Now, Reiserer and his colleagues at the Max Planck Institute (MPI) of Quantum Optics have developed one essential part of a future quantum internet: a quantum modem.
The Quantum Internet
Modems act as gateways between devices on the internet.
They convert digital data from one computer into signals that can be transmitted via phone lines or cables to other computers. The modem on the receiving end of the transmission then converts the incoming signals back into digital data.
Quantum computers store their data in states of quantum particles called qubits (as opposed to the bits of classical computers), and a quantum internet needs to be able to transfer the data stored in the qubits of one quantum computer to those in another.
There are a few ideas about how to do this, but MPI's modem uses the massless light particles called photons.
The quantum leap happens 60 times faster than it would otherwise.
Their modem takes the information stored in "stationary" qubits (which are housed within one quantum computer) and transfers it to "flying" qubits made of photons.
These photons can then travel along fiber optic cable networks and into the modem at another quantum computer.

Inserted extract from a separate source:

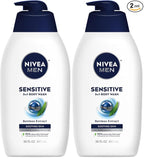 Nivea Men Sensitive Body Wash for Sensitive Skin by NIVEAMen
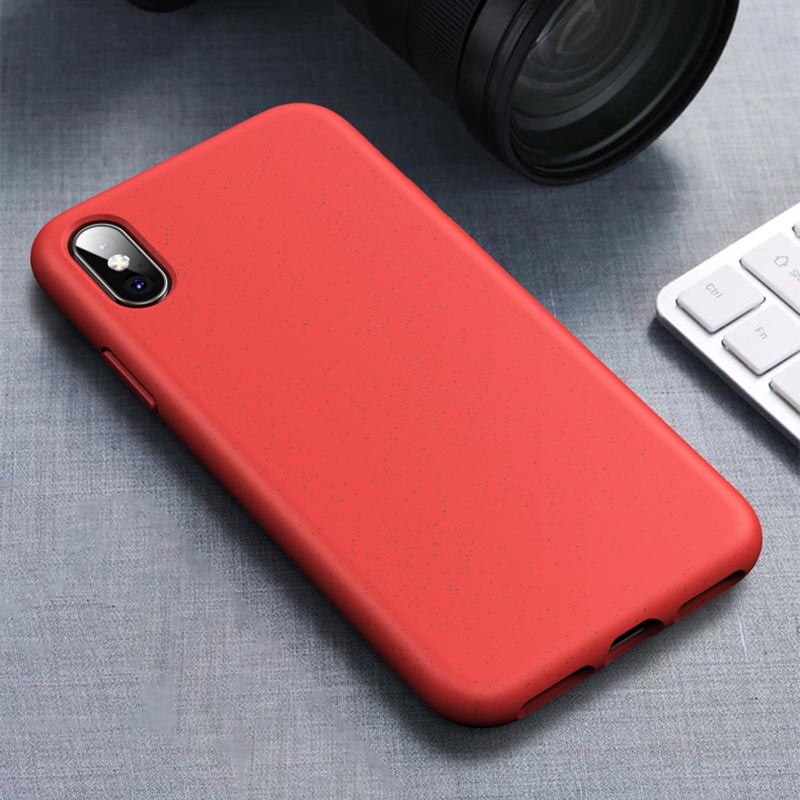 Eco-friendly Silicone Case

There, the information is transferred to stationary qubits.
The key was creating the perfect modem to facilitate this transfer.

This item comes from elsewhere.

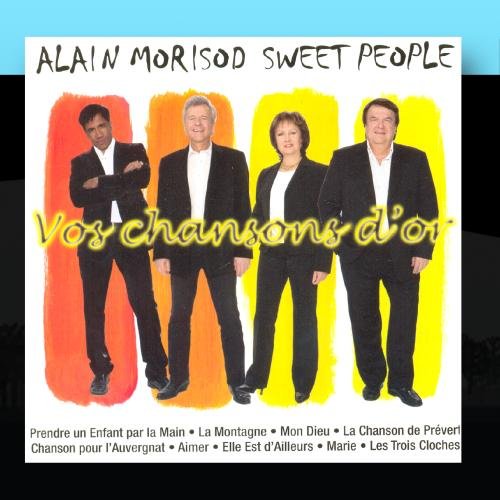 Produkt-Bild: Vos Chansons D'Or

To do that, researchers built a cabinet with two parallel mirrors. They then sandwiched a thin piece of crystal containing their stationary qubits between the mirrors.
Finally, they cooled the whole thing to -455.8 degrees Fahrenheit to increase the stability of the stationary qubits.
The mirrors are slightly permeable, so the flying photon qubits are able to enter the cabinet through them, carrying the information.
Once inside, the photons bounce between the mirrors, passing by the stationary qubits so many times they eventually transfer their information to them (called a "quantum leap").
If the modem was at the computer sending the information, this process would happen in reverse — the stationary qubits would transfer the information to the flying ones, which would then leave the modem.
Connecting the Future
According to the researchers, this use of mirrors causes the quantum leap to happen 60 times faster than it would otherwise.
The whole system still requires more development, but the fact that it would work with existing fiber optic cable networks could make it easier to implement into the quantum internet of the future — once the computers are ready for it.